L’alto senso di civiltà degli italiani impedisce di disinteressarsi del destino individuale di coloro che vengono respinti. Il fronte dei multiculturalisti vorrebbe ritornare alla stagione renziana-alfaniana del prendiamoli-tutti-noi. Ma ciò equivarrebbe a ricacciarci nell’abisso dal quale stiamo faticosamente riemergendo. Che fare? Semplicemente andare avanti nella direzione intrapresa. Dopo la decisione di affiancare alla Marina libica le nostre unità navali nel contrasto al traffico dei migranti, è tempo che si faccia qualcosa sulla terraferma per mettere in sicurezza la massa di disperati che stazionano in quell’inferno. È tempo che sorgano hotspot in Libia gestiti dalle grandi organizzazioni umanitarie, ma vigilati dalle forze armate italiane. Preveniamo l’obiezione delle anime belle: “così si metterebbero gli scarponi dei nostri soldati sul suolo libico”. Sveglia! I militari italiani in Libia ci sono già. Chiedetelo alla ministra Roberta Pinotti. Sono nell’area di Misurata per l’operazione “Ippocrate”. Dal 2016 gestiscono l’ospedale da campo italiano che, sorto per curare i feriti miliziani impegnati nella guerra contro le forze dell’Is, oggi svolge assistenza sanitaria ai civili libici operando in affiancamento al locale ospedale.

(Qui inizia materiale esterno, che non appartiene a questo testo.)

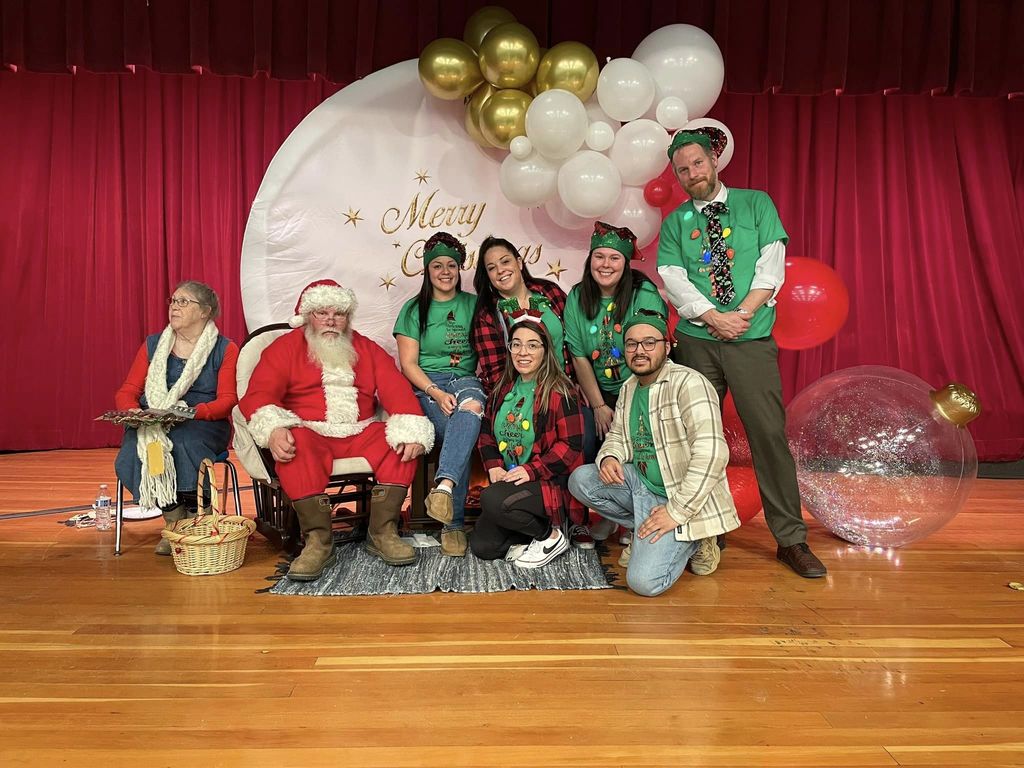 Family and educators at McMahon School Holiday Celebration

Il ministero della Difesa ha comunicato che sono state effettuate “oltre 8600 attività sanitarie tra visite ambulatoriali, consulenze specialistiche e medicazioni di cui 518 interventi chirurgici”. A vegliare sulla sicurezza di tutto il personale ci sono le nostre truppe. Proprio in questi giorni vi è stato l’avvicendamento al comando della missione. Al generale di divisione Fabio Polli è subentrato il colonnello Marco Iovinelli con 200 uomini del Nono Reggimento Alpini di base a L’Aquila. Ora, se i nostri soldati hanno funzionato per assistere e proteggere anche gli abitanti di Misurata perché non sfruttarne l’esperienza per organizzare un efficiente sistema di hotspot? Visto che ci siamo, finiamo il lavoro e facciamolo bene. Ne guadagnerebbero i migranti, i libici, lo spirito umanitario e la tranquillità degli italiani. Forse non gli interessi francesi. Ma questa è un’altra storia.